May 1, 2013 4th Circuit published opinions

DiFederico v Marriott International, Incorporated

DiFederico’s husband was killed in a terrorist attack while staying at a Marriott hotel in Pakistan. She sued Marriott alleging negligence in the creation and performance of the security plan at the hotel. The district court dismissed on inconvenient forum grounds. The panel reversed. It held that Pakistan was not an available forum as the statute of limitations had run and that defense could not be waived. Also, there was no evidence in the record that DiFederico purposely let the statute run before filing suit. The panel held the district court erred by not giving heightened deference to DiFederico’s forum choice as Marriott is headquartered in Maryland where the suit was filed.
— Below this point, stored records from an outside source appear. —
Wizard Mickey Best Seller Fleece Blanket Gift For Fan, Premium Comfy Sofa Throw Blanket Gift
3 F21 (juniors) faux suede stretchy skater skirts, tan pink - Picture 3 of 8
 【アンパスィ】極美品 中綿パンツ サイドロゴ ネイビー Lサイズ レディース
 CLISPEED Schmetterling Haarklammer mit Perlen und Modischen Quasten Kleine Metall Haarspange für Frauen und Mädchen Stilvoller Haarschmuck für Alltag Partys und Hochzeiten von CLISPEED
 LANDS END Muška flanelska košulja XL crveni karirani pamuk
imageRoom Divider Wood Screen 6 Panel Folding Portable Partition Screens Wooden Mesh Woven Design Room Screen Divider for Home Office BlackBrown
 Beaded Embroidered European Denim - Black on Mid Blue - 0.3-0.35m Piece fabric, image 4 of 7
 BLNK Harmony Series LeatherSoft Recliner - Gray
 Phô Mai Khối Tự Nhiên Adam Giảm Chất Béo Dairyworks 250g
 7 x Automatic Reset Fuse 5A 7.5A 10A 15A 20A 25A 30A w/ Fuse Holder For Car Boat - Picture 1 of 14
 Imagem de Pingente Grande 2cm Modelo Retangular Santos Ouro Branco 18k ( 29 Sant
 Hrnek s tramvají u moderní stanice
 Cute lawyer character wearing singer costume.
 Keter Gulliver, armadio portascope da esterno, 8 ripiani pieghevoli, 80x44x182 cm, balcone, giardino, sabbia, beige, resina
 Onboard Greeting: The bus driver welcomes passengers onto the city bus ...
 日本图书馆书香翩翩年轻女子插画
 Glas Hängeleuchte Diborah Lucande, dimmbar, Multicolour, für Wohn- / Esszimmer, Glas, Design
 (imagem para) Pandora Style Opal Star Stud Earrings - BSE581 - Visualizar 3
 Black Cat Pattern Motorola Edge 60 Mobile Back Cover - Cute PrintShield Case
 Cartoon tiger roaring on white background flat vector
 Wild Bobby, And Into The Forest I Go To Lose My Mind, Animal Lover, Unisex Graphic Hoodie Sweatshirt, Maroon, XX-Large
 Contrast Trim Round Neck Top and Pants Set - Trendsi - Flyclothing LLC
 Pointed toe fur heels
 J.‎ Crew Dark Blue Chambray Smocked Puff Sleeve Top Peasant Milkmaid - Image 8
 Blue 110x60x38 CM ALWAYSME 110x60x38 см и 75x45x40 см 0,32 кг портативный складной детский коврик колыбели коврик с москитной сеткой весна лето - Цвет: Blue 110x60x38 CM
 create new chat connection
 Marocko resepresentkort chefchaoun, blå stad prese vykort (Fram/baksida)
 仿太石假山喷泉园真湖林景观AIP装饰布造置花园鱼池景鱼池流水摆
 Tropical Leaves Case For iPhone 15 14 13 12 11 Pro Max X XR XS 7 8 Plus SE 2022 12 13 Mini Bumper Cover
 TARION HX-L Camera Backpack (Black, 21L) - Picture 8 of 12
Given that DiFederico would face emotional trauma and significant logistical challenges if the suit is tried in Pakistan, the witnesses to be called are in the United States, the bulk of eh evidence is there, there is an interest in an American jury to decide the case and the district court is perfectly able to interpret and apply Pakistani law, the balance of factors favors trial in the United States. Thus, the case was remanded for further proceedings.

United States v Davis

Davis broke into a house and stole a firearm and other items. He pled guilty to possession of a stolen firearm. The presentence report noted that there was no basis for a restitution award to the gun owner. However, the district court imposed restitution as part of the sentence. The panel reversed. It held that under United States Supreme court precedent, restitution under 18 USC 3663 is limited to victims of the crime pled to. There was no damage to the homeowner from the possession of the gun and thus restitution was not authorized. Nor did the plea agreement authorize restitution as it limited liability to awards under 3663. Applying plain error analysis, the panel held the error was obvious, affected Davis’ substantive rights as he was ordered to pay an unauthorized restitution award and allowing that award to stand would affect public confidence and the fairness of judicial proceedings as the award was illegal. Thus, the panel reversed.